8.0 – What to Live for

Two things for you to think about

Stop living for the emotional scraps of strangers’ opinions.
Start living for your own values and well-being.

“No one can make you feel inferior without your consent.” – Eleanor Roosevelt

Reflect: Then consider sharing this thought with others.


Three things for you to ask yourself

When have you caught yourself living for the emotional scraps of strangers’ opinions? What did it cost you?

What would living for yourself look like instead?

Recommended: Use these as journaling prompts for the week.


One thing for you to try this week

Choose one area of your life where you’ve been living for others—maybe it’s how you spend your free time, the clothes you wear, or the opinions you hold back—and do something just for you this week. Let me know how it goes.

Remember: Small changes lead to lasting breakthroughs.


As for how things are going in my life today… The Boyfriend had a relapse night before last and confessed to it during last night’s check-in. Right before I was slated to attend my Sunday Evening D&D Sesh. I tried really hard to keep my shit together, but…

No amount of careful breathing was able to stop me from breaking down and sobbing…

I will say, though, I am proud of him for actually confessing, and not hiding it and lying to me. Plus… instead of sitting there watching me cry (as he’d done so many times in the past), he knelt down in front of me, wrapped me in his arms, and apologized.

Despite how much it hurt to hear, I’m grateful that he’s grown to this point. It’s slowly getting better.

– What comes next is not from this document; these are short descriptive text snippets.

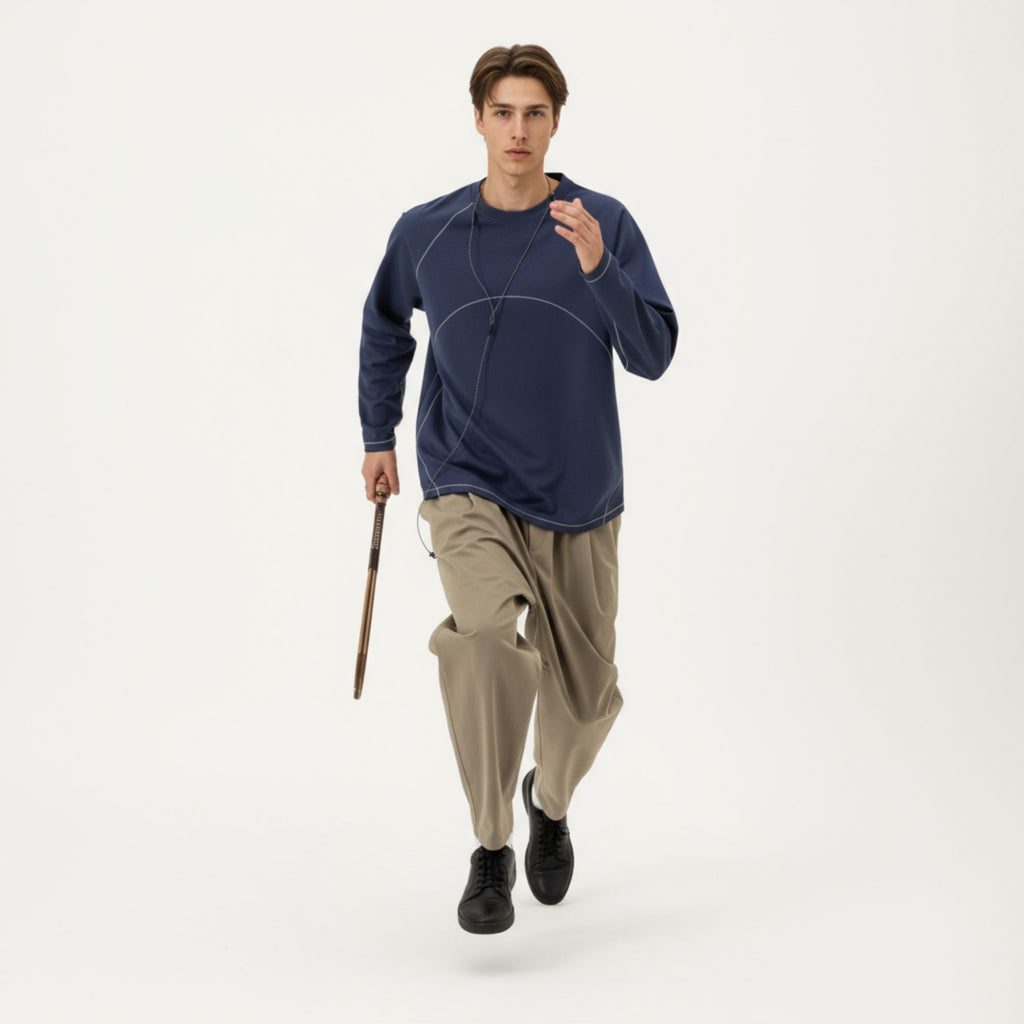 Anna-Kaci Men's Long Sleeve Crew Neck Pullover with Raglan Seams and Subtle Front Stitch Detail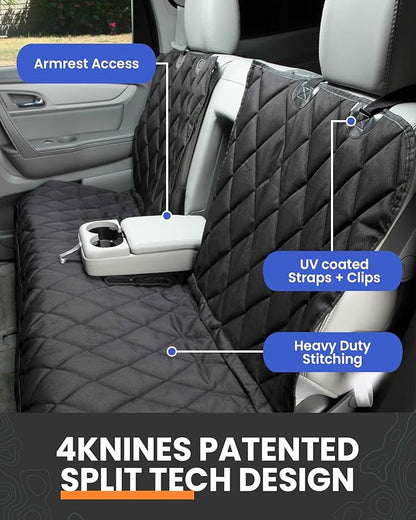 4Knines Dog Seat Cover for Back Seat, Heavy Duty Waterproof Rear Seat Protector for Large Trucks, SUVs, Cars -Fits 60/40 Split Bench with Middle Seat Belt, Non-Slip Backseat Cover (Extra Large, Black)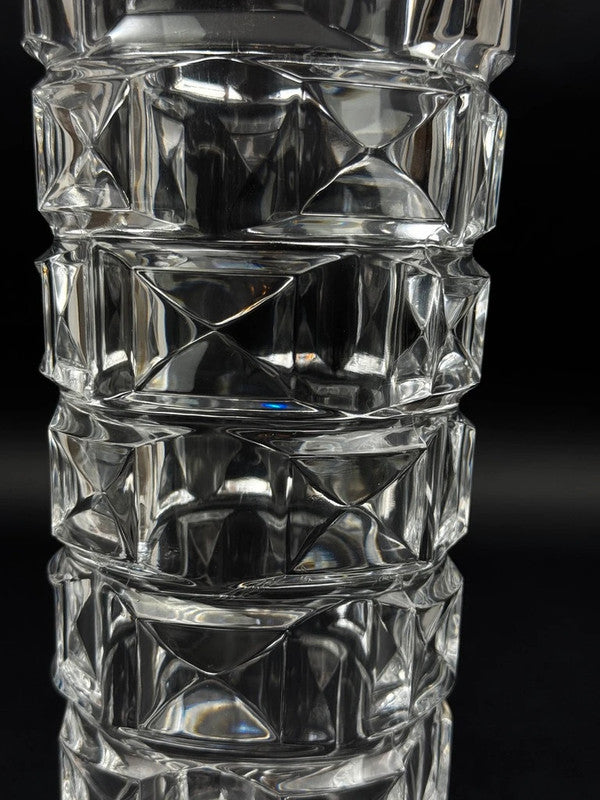 Vase en cristal George Durand pour Cristal d’Arques, design géométrique 24 cm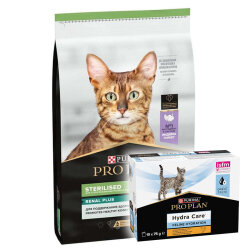 Pro Plan Kısırlaştırılmış Hindi Etli Kedi Maması 10 Kg + Hydra Care Yaş Mama 75 Gr x 10 Adet - Pro Plan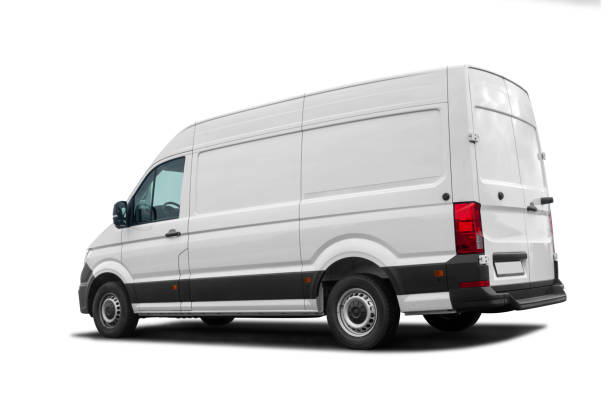 вид сбоку белого фургона, готового к брендингу - van white truck mini van стоковые фото и изображения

Also… I don’t just cry for my own pain. I cry because addiction fucking sucks and I feel so much empathy for his struggle, as well. Yes, the selfish part of me wants to kick this shit into oblivion because I hate feeling the things I feel, being the partner in this shit. It’s changed me and I didn’t have a choice. But I can imagine how hard it is for him, with his brain defaulting to another fix in his weakest moments. I want to reach into his skull and yank those cravings out by the roots, throw them to the dirt, and light them on fire… watching them burn until they are nothing but ash blowing away in the wind…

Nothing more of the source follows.